Pictures do not belong in your copy. Repeat all the other data exactly.

■ Information provided ■
________________

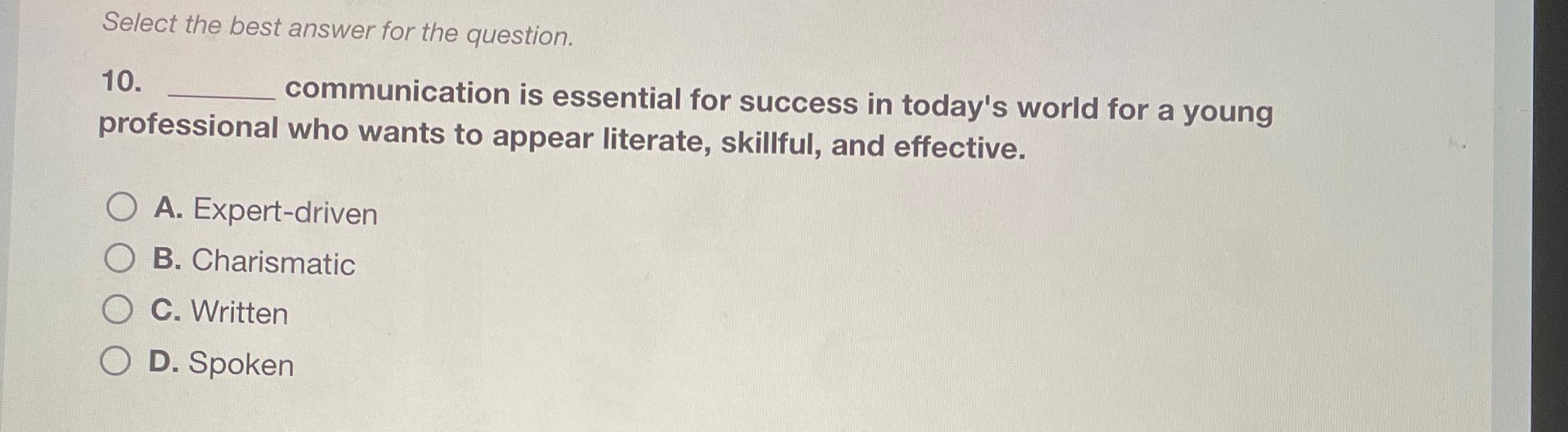  Select the best answer for the question. 10. communication is essential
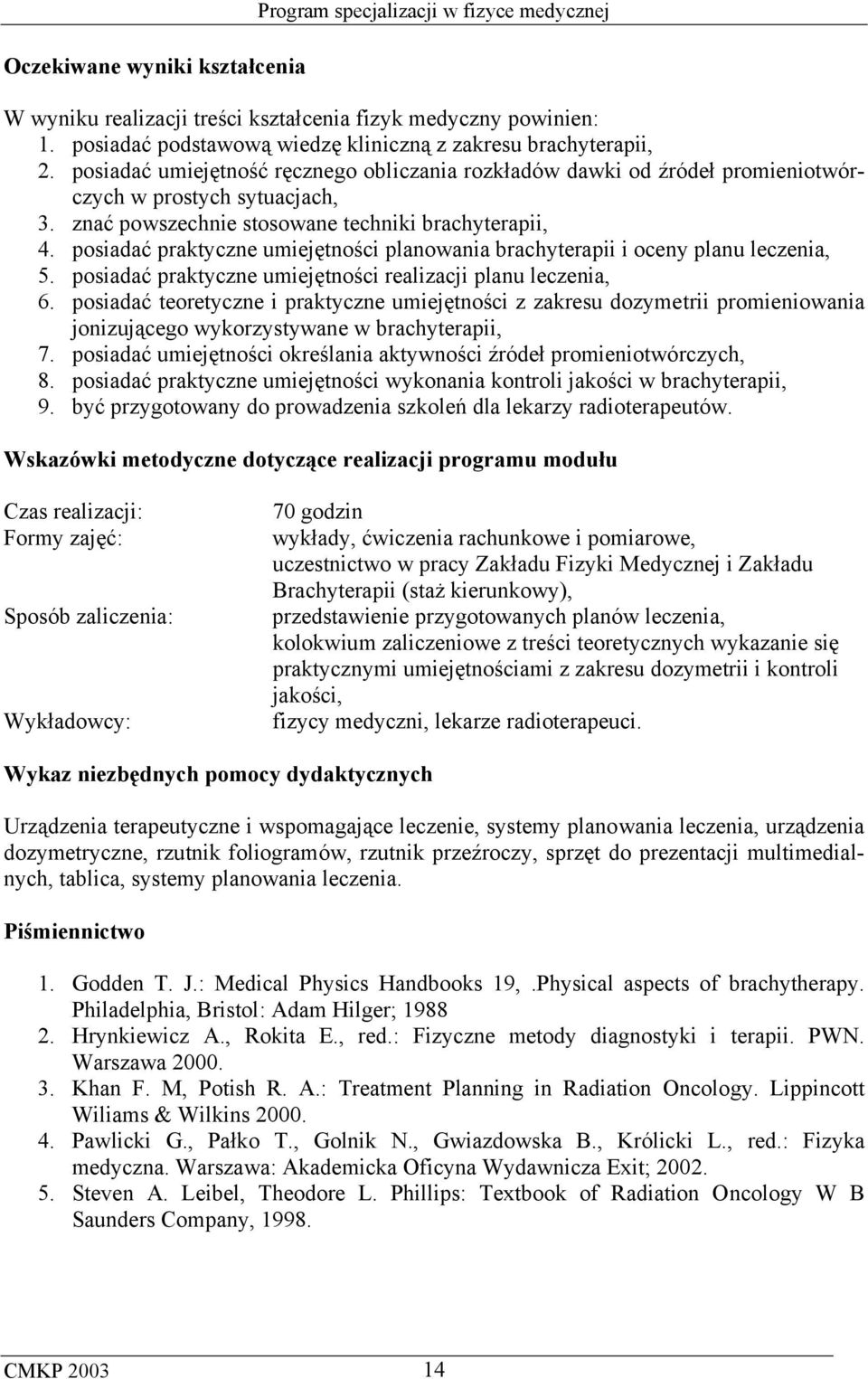 znać powszechnie stosowane techniki brachyterapii, 4. posiadać praktyczne umiejętności planowania brachyterapii i oceny planu leczenia, 5.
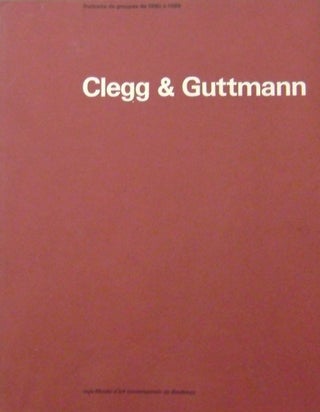 Item #19795 Clegg & Guttmann; Portraits de groupes de 1980 a 1989. Art - Clegg, Guttmann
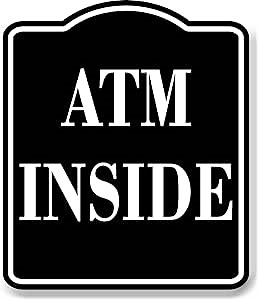Amazon.com : Atm Inside BLACK Aluminum Composite Sign, 8.5"x10" : Patio, Lawn & Garden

________________

■ Finished exercise ■
  Select the best answer for the question. 10. communication is essential
 znać powszechnie stosowane techniki brachyterapii, 4. posiadać praktyczne umiejętności planowania brachyterapii i oceny planu leczenia, 5.
 Item #19795 Clegg & Guttmann; Portraits de groupes de 1980 a 1989. Art - Clegg, Guttmann
Amazon.com : Atm Inside BLACK Aluminum Composite Sign, 8.5"x10" : Patio, Lawn & Garden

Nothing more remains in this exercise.